EXERCISE DETAILS =>
Could you print exactly the lines of the listing below, starting at the line that has "18 horny looking" and ending at the line that has "Observatoires du Mauna", and only those lines?
━━━ DATA FOR THIS TASK
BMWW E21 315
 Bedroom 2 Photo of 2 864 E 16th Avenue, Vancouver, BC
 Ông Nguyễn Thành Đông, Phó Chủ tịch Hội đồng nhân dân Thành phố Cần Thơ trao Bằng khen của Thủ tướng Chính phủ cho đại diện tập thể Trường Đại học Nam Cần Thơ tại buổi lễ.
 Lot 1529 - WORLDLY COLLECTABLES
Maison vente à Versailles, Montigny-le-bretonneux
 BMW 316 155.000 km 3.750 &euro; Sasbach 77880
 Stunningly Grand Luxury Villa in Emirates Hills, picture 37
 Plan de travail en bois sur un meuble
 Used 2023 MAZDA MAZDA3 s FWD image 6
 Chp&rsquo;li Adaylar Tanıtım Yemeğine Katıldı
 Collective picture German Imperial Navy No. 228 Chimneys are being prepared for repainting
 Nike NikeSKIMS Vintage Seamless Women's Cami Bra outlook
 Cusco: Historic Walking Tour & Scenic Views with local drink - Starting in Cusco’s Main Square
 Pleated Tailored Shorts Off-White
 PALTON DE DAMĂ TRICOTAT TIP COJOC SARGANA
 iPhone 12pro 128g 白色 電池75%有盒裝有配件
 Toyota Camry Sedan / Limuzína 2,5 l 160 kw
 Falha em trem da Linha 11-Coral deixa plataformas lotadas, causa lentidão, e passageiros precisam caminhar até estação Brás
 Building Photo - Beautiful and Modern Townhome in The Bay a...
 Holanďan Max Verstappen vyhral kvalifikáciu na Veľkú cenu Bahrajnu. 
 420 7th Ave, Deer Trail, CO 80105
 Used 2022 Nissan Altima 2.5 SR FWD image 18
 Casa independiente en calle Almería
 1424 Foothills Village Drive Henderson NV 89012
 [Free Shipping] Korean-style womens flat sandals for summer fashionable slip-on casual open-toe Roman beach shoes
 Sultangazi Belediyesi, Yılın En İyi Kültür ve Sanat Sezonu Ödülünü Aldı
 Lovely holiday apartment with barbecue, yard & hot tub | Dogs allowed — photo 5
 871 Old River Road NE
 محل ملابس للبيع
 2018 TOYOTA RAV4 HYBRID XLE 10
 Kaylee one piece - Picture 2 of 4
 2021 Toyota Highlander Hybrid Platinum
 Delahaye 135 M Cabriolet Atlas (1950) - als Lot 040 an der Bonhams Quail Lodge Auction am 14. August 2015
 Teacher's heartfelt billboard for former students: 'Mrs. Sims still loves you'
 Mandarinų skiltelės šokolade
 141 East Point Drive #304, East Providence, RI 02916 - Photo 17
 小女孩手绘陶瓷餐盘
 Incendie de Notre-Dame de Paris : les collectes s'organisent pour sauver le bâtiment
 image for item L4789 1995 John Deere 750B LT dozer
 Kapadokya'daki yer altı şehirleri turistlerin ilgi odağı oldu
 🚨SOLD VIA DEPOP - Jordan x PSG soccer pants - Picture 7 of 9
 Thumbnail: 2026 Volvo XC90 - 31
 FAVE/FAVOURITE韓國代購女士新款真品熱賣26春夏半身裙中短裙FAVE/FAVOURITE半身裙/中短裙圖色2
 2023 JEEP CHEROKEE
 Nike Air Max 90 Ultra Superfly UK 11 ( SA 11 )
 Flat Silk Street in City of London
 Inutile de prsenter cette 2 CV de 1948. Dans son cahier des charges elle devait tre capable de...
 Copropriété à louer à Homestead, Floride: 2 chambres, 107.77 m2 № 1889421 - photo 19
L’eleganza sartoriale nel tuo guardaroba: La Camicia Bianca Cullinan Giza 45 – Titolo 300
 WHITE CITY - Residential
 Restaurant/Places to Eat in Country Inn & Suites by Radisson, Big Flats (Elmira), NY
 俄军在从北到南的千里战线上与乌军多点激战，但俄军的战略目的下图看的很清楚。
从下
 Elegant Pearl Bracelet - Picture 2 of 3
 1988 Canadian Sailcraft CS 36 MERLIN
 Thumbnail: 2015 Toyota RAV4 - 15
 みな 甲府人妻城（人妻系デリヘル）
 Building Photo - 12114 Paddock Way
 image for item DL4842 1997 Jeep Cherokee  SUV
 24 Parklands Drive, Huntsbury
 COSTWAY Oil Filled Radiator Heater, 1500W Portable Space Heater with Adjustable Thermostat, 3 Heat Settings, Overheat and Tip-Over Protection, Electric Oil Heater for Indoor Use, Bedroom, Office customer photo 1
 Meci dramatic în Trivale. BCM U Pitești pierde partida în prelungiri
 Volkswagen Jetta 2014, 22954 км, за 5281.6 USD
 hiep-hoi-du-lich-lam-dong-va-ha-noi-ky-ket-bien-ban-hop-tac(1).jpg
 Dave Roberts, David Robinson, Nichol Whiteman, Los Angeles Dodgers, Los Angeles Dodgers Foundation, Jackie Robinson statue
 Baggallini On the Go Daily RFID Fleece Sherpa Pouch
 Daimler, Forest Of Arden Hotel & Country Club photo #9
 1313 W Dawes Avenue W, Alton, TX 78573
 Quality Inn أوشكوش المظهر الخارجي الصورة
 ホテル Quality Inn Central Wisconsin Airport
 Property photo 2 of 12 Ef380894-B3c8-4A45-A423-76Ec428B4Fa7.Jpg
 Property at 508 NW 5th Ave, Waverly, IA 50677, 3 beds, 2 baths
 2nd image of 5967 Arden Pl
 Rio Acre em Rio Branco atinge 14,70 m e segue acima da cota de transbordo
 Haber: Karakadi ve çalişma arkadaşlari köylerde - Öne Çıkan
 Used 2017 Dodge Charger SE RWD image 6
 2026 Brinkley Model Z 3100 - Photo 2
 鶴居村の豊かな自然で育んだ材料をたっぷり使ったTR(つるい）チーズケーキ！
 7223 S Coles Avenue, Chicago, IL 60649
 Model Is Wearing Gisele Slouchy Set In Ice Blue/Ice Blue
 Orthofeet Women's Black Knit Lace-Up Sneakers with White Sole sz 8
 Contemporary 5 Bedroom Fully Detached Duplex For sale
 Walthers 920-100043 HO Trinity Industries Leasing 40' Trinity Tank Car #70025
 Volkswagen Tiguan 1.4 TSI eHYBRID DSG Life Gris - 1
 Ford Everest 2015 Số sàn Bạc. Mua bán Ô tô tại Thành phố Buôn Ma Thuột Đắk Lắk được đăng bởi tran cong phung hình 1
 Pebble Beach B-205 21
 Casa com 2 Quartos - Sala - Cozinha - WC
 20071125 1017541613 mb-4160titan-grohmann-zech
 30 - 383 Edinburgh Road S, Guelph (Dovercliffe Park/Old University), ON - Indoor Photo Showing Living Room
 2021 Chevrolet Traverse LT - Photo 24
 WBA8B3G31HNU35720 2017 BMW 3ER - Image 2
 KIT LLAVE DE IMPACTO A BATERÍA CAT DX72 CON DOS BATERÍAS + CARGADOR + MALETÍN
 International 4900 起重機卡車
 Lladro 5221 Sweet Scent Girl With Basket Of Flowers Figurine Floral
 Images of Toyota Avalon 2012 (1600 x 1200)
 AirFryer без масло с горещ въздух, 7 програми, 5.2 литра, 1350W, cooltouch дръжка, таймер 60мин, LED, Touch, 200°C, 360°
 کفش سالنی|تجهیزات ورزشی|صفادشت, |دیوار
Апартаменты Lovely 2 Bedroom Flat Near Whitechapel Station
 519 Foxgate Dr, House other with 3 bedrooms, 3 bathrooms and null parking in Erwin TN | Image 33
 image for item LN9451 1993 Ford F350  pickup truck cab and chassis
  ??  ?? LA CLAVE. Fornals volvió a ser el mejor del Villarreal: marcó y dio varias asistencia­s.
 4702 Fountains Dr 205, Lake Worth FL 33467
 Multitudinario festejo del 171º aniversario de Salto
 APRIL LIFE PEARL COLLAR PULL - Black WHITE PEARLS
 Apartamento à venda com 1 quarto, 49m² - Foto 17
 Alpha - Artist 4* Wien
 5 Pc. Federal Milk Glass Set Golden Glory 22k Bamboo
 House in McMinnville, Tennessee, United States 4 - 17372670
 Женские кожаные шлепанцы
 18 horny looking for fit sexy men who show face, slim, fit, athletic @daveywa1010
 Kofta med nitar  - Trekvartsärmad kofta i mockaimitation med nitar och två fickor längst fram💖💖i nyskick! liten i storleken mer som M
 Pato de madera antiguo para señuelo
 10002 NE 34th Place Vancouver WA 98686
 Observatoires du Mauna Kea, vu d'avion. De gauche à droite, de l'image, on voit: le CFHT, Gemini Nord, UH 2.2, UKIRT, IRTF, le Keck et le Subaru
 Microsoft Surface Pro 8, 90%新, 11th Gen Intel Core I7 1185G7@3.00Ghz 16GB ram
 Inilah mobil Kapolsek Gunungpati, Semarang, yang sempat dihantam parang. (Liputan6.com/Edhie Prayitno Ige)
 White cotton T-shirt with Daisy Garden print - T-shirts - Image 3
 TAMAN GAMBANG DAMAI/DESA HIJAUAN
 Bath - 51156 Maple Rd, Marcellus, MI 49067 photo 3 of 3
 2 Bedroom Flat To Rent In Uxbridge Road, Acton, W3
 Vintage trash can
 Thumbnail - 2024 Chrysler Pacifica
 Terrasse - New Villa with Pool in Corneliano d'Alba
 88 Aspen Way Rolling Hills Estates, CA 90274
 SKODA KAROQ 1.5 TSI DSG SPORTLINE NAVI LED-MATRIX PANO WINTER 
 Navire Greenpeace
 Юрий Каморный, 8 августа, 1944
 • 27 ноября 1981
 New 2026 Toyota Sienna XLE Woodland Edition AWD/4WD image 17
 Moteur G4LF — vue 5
━━━━━━
RESPONSE TO THE TASK =>
 18 horny looking for fit sexy men who show face, slim, fit, athletic @daveywa1010
 Kofta med nitar  - Trekvartsärmad kofta i mockaimitation med nitar och två fickor längst fram💖💖i nyskick! liten i storleken mer som M
 Pato de madera antiguo para señuelo
 10002 NE 34th Place Vancouver WA 98686
 Observatoires du Mauna Kea, vu d'avion. De gauche à droite, de l'image, on voit: le CFHT, Gemini Nord, UH 2.2, UKIRT, IRTF, le Keck et le Subaru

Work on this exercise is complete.